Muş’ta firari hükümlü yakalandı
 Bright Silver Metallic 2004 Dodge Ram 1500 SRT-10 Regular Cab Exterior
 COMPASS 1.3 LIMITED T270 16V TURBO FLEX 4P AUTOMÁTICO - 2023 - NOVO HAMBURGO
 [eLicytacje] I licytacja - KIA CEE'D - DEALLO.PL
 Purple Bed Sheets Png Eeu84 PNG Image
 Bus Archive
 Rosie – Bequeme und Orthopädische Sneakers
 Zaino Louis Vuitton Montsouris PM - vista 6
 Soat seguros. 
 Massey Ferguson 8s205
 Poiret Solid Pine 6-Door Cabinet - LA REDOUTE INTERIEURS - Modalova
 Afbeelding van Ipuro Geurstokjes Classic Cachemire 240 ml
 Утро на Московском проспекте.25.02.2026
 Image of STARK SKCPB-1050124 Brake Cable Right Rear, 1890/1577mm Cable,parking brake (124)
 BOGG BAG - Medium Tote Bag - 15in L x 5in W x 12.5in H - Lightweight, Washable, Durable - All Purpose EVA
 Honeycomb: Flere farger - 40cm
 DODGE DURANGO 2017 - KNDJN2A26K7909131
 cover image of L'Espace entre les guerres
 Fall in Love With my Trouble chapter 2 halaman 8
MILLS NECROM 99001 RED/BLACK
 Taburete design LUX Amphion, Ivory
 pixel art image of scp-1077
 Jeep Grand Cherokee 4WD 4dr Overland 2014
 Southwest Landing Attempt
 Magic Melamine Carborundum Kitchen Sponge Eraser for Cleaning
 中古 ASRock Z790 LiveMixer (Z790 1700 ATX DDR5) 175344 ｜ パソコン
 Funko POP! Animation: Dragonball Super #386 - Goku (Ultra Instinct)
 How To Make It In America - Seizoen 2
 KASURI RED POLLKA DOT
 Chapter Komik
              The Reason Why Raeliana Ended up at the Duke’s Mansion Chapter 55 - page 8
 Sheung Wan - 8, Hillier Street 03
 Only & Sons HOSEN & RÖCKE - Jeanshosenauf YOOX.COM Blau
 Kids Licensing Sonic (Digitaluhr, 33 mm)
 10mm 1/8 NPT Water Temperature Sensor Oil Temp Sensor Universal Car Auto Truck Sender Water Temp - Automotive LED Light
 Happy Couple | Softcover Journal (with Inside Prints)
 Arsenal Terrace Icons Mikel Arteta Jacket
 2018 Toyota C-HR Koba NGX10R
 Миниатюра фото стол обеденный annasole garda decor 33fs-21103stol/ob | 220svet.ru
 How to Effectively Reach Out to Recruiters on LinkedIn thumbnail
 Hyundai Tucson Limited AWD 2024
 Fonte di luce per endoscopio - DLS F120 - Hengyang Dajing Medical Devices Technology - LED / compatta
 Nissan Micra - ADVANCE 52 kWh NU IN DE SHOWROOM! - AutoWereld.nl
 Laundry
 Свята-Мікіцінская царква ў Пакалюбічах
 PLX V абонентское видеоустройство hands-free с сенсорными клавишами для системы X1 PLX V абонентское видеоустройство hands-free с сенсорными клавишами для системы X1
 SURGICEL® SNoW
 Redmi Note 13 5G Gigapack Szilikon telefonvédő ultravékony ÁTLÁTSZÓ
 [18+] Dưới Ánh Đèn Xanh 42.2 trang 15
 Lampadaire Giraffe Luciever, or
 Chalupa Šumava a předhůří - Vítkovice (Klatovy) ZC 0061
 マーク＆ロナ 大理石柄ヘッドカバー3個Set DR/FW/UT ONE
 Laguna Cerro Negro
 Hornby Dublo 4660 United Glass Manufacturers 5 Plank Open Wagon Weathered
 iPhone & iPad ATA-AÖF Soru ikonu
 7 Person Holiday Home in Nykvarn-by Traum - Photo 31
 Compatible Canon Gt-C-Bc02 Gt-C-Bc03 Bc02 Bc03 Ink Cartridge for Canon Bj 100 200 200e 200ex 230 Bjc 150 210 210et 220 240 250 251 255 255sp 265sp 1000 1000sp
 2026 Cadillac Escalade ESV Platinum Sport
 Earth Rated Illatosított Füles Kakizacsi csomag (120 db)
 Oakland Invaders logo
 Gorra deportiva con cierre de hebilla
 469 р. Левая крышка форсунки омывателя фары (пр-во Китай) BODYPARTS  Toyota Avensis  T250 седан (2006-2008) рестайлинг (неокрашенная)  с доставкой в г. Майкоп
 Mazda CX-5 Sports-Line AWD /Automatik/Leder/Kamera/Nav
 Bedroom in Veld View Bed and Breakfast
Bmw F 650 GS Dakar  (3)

━━━━

What to do: Above are some lines. Repeat exactly, and only, those from the line that has "Funko POP! Animation: Dragonball" through the line that has "Kids Licensing Sonic (Digitaluhr, 33 mm)".

Output below:
 Funko POP! Animation: Dragonball Super #386 - Goku (Ultra Instinct)
 How To Make It In America - Seizoen 2
 KASURI RED POLLKA DOT
 Chapter Komik
              The Reason Why Raeliana Ended up at the Duke’s Mansion Chapter 55 - page 8
 Sheung Wan - 8, Hillier Street 03
 Only & Sons HOSEN & RÖCKE - Jeanshosenauf YOOX.COM Blau
 Kids Licensing Sonic (Digitaluhr, 33 mm)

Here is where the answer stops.